**WORK TASK**
Begin at the line containing "adding shrimp into" in the records below, end at the line containing "Pineapple jalapeño margaritas", and retype each line in that span exactly. No other line and no image should appear.

**EXTRACTED DATA**
********

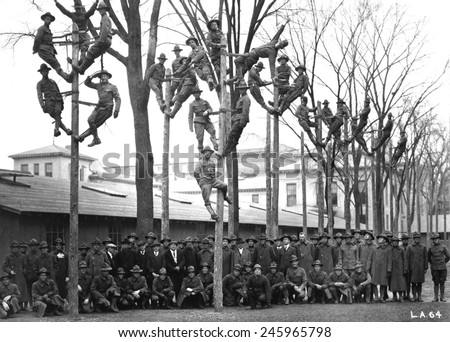 Pole-Climbing training for Students Army Training Corps at the University of Michigan. The uniformed students are in a course for telephone electricians. WWI. Ca. 1918.
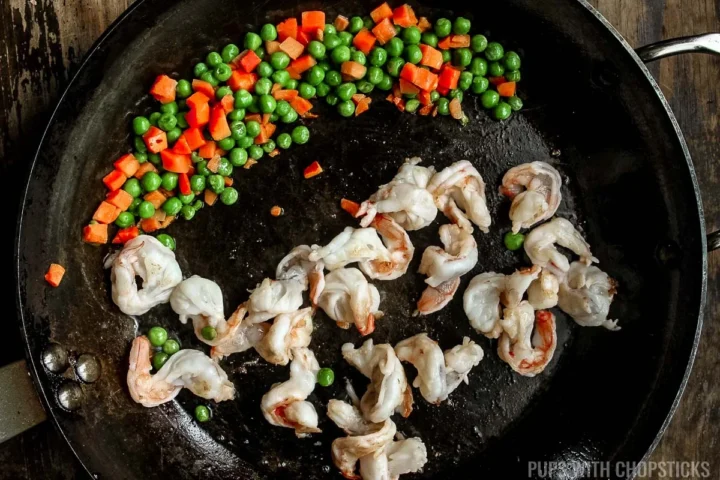 adding shrimp into frying pan and cooking it.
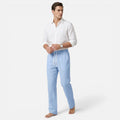 Man wearing a white shirt and light blue pants on a white background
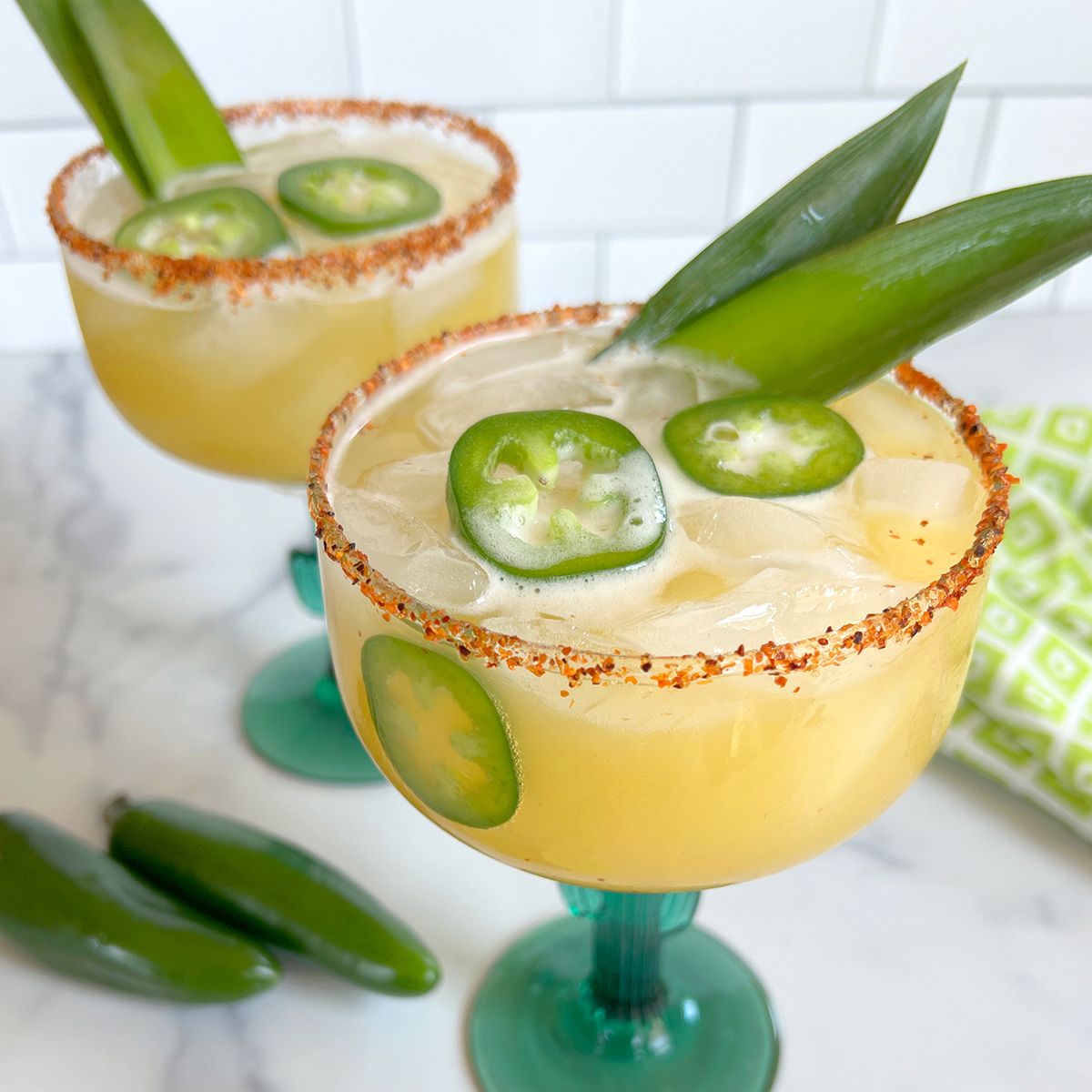 Pineapple jalapeño margaritas served over ice in glasses with Tajín-rimmed edges, fresh jalapeño slices, and pineapple leaf garnishes.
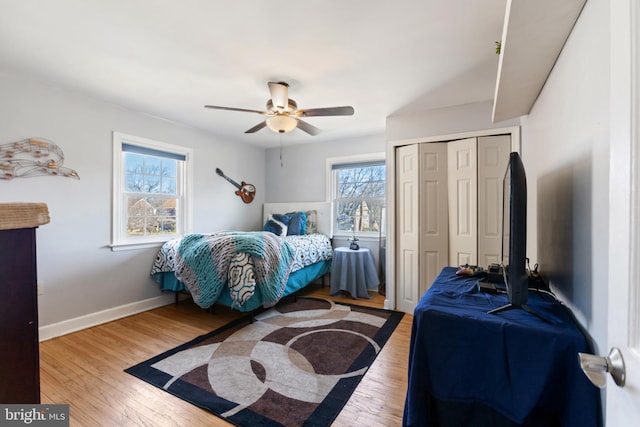 bedroom with a closet, wood finished floors, a ceiling fan, and baseboards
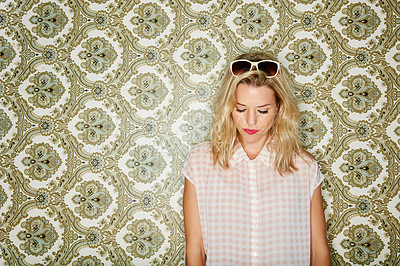 Buy stock photo Shot of a young woman posing against a wallpaper background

********

**ANSWER SECTION**
 adding shrimp into frying pan and cooking it.
 Man wearing a white shirt and light blue pants on a white background
 Pineapple jalapeño margaritas served over ice in glasses with Tajín-rimmed edges, fresh jalapeño slices, and pineapple leaf garnishes.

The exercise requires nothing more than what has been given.